C’est la “TS” pour la psy ? demande-il en mâchonnant son chewing-gum.  

Oui, le Docteur Fayolle doit la voir à son entrée à la « Jauberte ».

Alexandra découvre qu’elle a perdu son nom, elle n’est plus qu’une “TS”, une tentative de suicide.

C’est juste à ce moment-là, qu’Olivia fait son entrée, tel Zorro, impeccablement maquillée et habillée en Sonia Rykiel. 

Qu’est-ce qui t’a encore pris ?

Le encore est de trop ! J’en avais marre de trop de choses ! Je ne veux pas être hospitalisée à la « Jauberte ».

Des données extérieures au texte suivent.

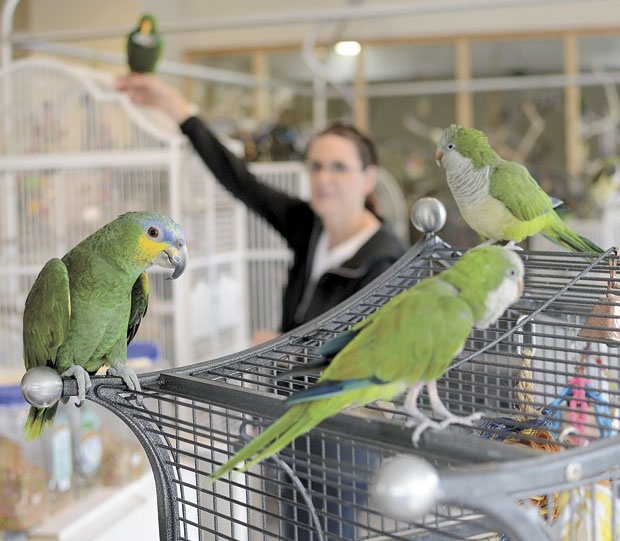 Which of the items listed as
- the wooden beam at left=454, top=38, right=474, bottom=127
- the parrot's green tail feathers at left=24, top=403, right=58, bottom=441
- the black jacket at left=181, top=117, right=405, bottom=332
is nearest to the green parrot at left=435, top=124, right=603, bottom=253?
the parrot's green tail feathers at left=24, top=403, right=58, bottom=441

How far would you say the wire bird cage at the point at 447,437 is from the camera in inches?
14.7

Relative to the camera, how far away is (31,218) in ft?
6.91

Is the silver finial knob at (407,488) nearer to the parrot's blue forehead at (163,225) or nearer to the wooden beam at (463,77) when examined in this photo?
the parrot's blue forehead at (163,225)

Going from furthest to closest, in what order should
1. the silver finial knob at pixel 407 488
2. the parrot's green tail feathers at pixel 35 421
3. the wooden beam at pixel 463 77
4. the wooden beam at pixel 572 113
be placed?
the wooden beam at pixel 463 77 → the wooden beam at pixel 572 113 → the parrot's green tail feathers at pixel 35 421 → the silver finial knob at pixel 407 488

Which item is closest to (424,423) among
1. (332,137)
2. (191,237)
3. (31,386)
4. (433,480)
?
(433,480)

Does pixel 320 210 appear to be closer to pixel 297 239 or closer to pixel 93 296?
pixel 297 239

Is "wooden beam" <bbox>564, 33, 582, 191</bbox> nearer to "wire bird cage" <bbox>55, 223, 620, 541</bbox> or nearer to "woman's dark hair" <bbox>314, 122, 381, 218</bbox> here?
"woman's dark hair" <bbox>314, 122, 381, 218</bbox>

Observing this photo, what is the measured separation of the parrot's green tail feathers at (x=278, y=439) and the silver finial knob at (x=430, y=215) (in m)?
0.37

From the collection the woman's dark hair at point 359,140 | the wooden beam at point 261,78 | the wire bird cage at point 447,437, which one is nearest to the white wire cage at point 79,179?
the woman's dark hair at point 359,140

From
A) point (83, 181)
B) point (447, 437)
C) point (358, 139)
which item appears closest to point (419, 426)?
point (447, 437)

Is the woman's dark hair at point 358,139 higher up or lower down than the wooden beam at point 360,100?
lower down

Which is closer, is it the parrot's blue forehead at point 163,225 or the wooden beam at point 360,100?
the parrot's blue forehead at point 163,225

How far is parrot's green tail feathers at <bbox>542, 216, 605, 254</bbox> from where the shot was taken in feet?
2.32

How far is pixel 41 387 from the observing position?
574 mm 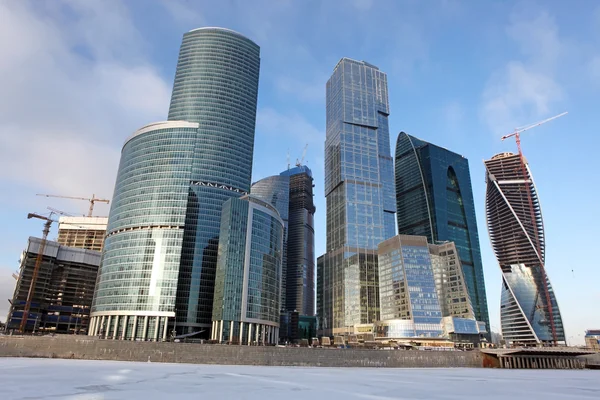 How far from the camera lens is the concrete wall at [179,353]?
356ft

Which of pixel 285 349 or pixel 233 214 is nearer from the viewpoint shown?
pixel 285 349

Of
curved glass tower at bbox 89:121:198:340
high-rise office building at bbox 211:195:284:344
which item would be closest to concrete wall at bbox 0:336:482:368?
high-rise office building at bbox 211:195:284:344

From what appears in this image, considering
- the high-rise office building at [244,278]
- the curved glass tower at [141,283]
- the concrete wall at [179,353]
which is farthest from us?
the curved glass tower at [141,283]

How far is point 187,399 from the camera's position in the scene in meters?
33.8

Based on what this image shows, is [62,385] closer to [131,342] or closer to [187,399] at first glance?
[187,399]

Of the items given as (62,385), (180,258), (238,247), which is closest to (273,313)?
(238,247)

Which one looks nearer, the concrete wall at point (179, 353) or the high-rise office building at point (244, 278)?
the concrete wall at point (179, 353)

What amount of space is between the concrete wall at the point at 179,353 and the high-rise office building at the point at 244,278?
6357 centimetres

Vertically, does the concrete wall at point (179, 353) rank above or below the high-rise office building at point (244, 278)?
below

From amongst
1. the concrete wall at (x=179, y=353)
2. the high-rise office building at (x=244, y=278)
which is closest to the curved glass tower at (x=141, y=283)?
the high-rise office building at (x=244, y=278)

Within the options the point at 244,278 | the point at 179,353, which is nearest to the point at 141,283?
the point at 244,278

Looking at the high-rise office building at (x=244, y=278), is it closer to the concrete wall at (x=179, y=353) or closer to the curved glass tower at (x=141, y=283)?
the curved glass tower at (x=141, y=283)

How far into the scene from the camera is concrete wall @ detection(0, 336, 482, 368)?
108 metres

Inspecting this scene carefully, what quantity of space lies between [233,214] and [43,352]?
92.1m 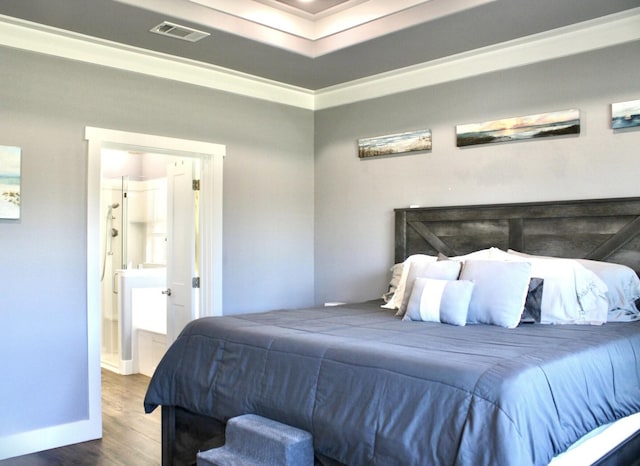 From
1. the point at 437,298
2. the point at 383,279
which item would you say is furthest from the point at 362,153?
the point at 437,298

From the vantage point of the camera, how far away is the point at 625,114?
3611 millimetres

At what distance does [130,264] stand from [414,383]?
526cm

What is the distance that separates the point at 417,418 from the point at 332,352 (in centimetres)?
54

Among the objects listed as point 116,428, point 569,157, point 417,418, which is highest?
point 569,157

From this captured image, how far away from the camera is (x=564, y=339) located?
8.89 ft

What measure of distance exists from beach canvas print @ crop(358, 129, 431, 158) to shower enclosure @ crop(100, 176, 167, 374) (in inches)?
103

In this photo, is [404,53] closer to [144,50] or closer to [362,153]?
[362,153]

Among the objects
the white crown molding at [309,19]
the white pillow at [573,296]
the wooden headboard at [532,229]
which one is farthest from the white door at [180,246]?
the white pillow at [573,296]

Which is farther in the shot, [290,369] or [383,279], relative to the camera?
[383,279]

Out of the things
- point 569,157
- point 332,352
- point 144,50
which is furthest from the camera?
point 144,50

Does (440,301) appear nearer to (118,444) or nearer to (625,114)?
(625,114)

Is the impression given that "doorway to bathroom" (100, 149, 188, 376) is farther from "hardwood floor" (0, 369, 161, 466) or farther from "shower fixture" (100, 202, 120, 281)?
"hardwood floor" (0, 369, 161, 466)

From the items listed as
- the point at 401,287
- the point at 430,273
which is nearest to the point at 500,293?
the point at 430,273

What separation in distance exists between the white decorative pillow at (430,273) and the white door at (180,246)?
1.92 metres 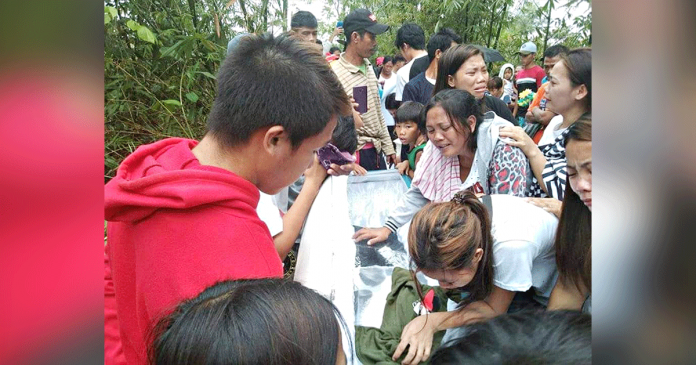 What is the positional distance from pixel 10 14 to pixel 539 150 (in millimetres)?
775

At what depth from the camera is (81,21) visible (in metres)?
0.42

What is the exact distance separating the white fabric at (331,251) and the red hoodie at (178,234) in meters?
0.20

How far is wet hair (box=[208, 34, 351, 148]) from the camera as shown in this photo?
0.82 meters

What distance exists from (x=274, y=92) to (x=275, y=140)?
0.07m

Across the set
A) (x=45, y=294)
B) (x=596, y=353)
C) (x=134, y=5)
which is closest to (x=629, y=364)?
(x=596, y=353)

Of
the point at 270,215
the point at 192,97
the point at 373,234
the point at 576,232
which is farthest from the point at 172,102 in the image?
the point at 576,232

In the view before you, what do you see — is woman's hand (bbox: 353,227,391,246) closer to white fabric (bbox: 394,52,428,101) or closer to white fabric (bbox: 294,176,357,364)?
white fabric (bbox: 294,176,357,364)

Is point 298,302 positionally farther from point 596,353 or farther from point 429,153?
point 429,153

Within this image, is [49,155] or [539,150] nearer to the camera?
[49,155]

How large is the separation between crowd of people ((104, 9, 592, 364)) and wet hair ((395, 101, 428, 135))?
0.04 feet

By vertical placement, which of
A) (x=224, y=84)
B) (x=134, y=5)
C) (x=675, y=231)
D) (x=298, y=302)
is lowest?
(x=298, y=302)

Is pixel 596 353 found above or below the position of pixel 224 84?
below

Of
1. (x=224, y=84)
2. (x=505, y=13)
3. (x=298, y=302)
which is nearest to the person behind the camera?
(x=298, y=302)

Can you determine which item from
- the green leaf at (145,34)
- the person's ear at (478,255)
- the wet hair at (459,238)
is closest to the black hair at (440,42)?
the wet hair at (459,238) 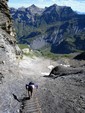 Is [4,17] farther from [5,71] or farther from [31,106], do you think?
[31,106]

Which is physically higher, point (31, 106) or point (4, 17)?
point (4, 17)

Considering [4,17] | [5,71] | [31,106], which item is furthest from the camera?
[4,17]

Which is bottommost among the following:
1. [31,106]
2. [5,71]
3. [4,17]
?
[5,71]

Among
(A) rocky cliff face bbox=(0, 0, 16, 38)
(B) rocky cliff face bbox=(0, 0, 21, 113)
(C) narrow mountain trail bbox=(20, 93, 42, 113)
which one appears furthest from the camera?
(A) rocky cliff face bbox=(0, 0, 16, 38)

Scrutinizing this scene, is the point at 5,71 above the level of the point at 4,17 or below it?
below

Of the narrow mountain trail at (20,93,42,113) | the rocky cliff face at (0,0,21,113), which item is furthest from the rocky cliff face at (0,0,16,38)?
the narrow mountain trail at (20,93,42,113)

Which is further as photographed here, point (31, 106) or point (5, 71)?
point (5, 71)

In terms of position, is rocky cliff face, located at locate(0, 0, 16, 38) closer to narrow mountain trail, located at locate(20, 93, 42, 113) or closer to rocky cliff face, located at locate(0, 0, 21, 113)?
rocky cliff face, located at locate(0, 0, 21, 113)

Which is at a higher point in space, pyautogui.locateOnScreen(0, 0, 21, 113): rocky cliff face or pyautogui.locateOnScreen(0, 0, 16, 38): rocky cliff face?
pyautogui.locateOnScreen(0, 0, 16, 38): rocky cliff face

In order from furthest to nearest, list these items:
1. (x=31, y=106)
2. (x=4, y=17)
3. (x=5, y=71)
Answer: (x=4, y=17)
(x=5, y=71)
(x=31, y=106)

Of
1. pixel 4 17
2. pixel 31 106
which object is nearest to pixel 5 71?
pixel 31 106

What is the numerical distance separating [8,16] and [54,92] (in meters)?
66.0

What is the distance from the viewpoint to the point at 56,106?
46.9m

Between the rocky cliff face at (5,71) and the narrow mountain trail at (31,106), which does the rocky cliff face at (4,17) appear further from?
the narrow mountain trail at (31,106) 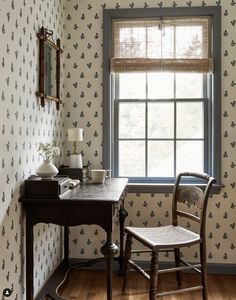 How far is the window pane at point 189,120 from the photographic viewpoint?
3531 mm

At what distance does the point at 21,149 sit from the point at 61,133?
39.5 inches

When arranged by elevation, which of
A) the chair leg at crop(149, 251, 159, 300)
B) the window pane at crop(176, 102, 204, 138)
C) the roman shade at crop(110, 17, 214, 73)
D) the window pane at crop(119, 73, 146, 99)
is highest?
the roman shade at crop(110, 17, 214, 73)

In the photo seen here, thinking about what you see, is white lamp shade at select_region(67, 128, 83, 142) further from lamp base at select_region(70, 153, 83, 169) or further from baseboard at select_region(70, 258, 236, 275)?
baseboard at select_region(70, 258, 236, 275)

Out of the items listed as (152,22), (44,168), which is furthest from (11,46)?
(152,22)

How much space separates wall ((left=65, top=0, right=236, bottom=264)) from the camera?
3.38 meters

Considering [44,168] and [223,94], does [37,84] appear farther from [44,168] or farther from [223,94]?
[223,94]

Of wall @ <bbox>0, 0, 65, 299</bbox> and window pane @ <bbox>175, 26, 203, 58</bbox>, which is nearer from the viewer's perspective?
wall @ <bbox>0, 0, 65, 299</bbox>

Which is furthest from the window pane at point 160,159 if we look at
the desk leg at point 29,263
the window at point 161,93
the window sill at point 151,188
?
the desk leg at point 29,263

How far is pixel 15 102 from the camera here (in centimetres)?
235

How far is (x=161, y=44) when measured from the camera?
3451 mm

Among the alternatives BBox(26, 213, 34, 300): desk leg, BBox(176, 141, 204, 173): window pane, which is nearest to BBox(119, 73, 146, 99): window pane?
BBox(176, 141, 204, 173): window pane

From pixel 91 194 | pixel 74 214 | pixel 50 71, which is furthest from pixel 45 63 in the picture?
pixel 74 214

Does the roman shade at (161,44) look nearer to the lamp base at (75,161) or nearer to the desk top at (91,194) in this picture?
the lamp base at (75,161)

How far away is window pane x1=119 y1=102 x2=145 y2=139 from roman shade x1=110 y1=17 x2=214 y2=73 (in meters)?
0.34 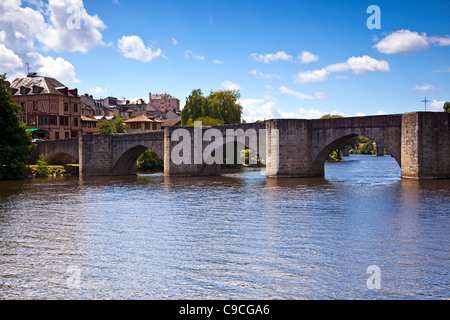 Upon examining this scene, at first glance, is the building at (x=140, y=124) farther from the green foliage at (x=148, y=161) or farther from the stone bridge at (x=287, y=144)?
the stone bridge at (x=287, y=144)

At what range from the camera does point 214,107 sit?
67.1m

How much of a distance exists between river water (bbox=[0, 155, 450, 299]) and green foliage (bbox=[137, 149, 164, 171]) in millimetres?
32967

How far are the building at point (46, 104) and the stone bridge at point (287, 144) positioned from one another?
16.2m

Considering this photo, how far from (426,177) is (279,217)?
60.4 ft

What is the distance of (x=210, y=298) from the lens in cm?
1049

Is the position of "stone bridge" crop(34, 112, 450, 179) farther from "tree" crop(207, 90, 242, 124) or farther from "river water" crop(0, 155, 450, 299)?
"tree" crop(207, 90, 242, 124)

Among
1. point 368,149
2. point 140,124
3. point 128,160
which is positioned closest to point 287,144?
point 128,160

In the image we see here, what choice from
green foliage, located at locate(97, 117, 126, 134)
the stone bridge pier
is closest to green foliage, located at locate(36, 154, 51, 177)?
green foliage, located at locate(97, 117, 126, 134)

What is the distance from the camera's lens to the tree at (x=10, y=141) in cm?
4381

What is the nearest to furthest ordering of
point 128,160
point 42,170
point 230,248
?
point 230,248 < point 42,170 < point 128,160

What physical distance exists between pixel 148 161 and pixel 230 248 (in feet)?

Ne vous inquiétez pas, nous connaissons très bien le Docteur Fayolle, c’est un ami, dit la belle-mère à l’infirmière, en se voulant rassurante. J’ai pu obtenir un rendez-vous en fin d’après-midi. Le docteur saura si on doit l’hospitaliser ou non. J’accompagnerai ma belle-fille. 

Ce n’est pas raisonnable, mais si vous y tenez... Il faut tout de même que vous remplissiez cette fiche de décharge. 

Le formulaire rempli, et dûment signé, Alexandra se sent momentanément soulagée. Après avoir revêtu un jean et un tee-shirt, Olivia la conduit manu militari dans un dédale de couloirs. François-Xavier les attend dans son 4x4 noir, le moteur en marche, pour qu’on les voie le moins possible. Elles se glissent dans la froideur de la voiture climatisée. L’entrée de l’hôpital, ocre sur pilotis s’éloigne. La voiture file sur les avenues dans un lourd silence. La fontaine de la Rotonde apparaît sur un ciel bleu profond. Après quelques minutes, ils s’arrêtent enfin devant la maison familiale, rassurante cette fois. Elle descend de la voiture et Rex se roule sur ses pieds de joie. Les lavandes d’un gris bleu à l’odeur camphrée flattent son odorat et lui rappellent la maison de ses grands-parents. 

En attendant l’heure du rendez-vous avec le Docteur Fayolle, Alexandra se redessine un avenir à court terme où elle doit s’effacer, déranger le moins possible. L’affection lui manque cruellement, mais tout est normal, elle n’est pas de cette famille. Elle n’est là que parce que sa mère et ses grands-parents sont décédés. Peut-être sa présence éteint-elle aussi la culpabilité de son père vis-à-vis de sa mère.